After he won I was in shock for I-don’t-know how long. Weeks. Months. The world felt bizarre, surreal. I remember looking at people who looked like Republicans. I remember eating lunch in restaurants with people who looked like business people eating lunch. I’d come to know they were not to be trusted, but I didn’t know they were like this. I mean, I knew they were like this, because they were not like what my textbooks had taught me we should be like. Not freaking out. But I didn’t know.
I checked the news I-don’t-know how often, for months. I thought the story would break any moment now. Any second. I thought we’d fix this. I thought he’d be removed.
I should have known better. They had so many chances to stop him. If they’d wanted to, if they were going to, they would have. The founding fathers, some of them at least, are spinning in their graves, beating fists against coffin lids, wanting out, wanting to shout how this is exactly what they were talking about, why they fought for things like checks on stupidity, on demagoguery.
There’s no point in following the news anymore. It’s all corrupt. All of it. There are those who fight to bring him down, and those who fight to prop him up. And the only ones who pay attention are the ones who’ve already decided, and they aren’t influenced by the other side. At all.
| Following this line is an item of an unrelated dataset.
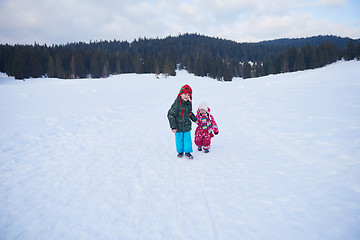 Image showing kids walking on snow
Unless by influenced we mean fueled for the fight.
I’ve lost interest. I am exactly what they want from me. I am the outrage beaten into submission. I am the ignorant masses who forget last week’s outrage after this week’s outrage. I am the one who becomes numb to outrage in the face of outrage after outrage.
I used to say that what we call corruption in other countries we call here ‘doing business.’ And now I say we don’t even bother doing business anymore, we just do what we want, fuck it all and fucking no regrets, as James Hetfield once said. We just lay our corruption on the table and deny it being what it is. We lie, and we lie, and we lie. And we fight. And we lie some more.
My professor arrives fifteen minutes late to every class, plops down at his desk, unloads his bag, asks what we learned last week, what was in the news, what might affect our profession. I want to tell him what I’m saying here, that it doesn’t matter, that it’s all horse shit and we’re all going to die, and the sun will become a red giant, a fireball that consumes us all, if we’re still here when it blows.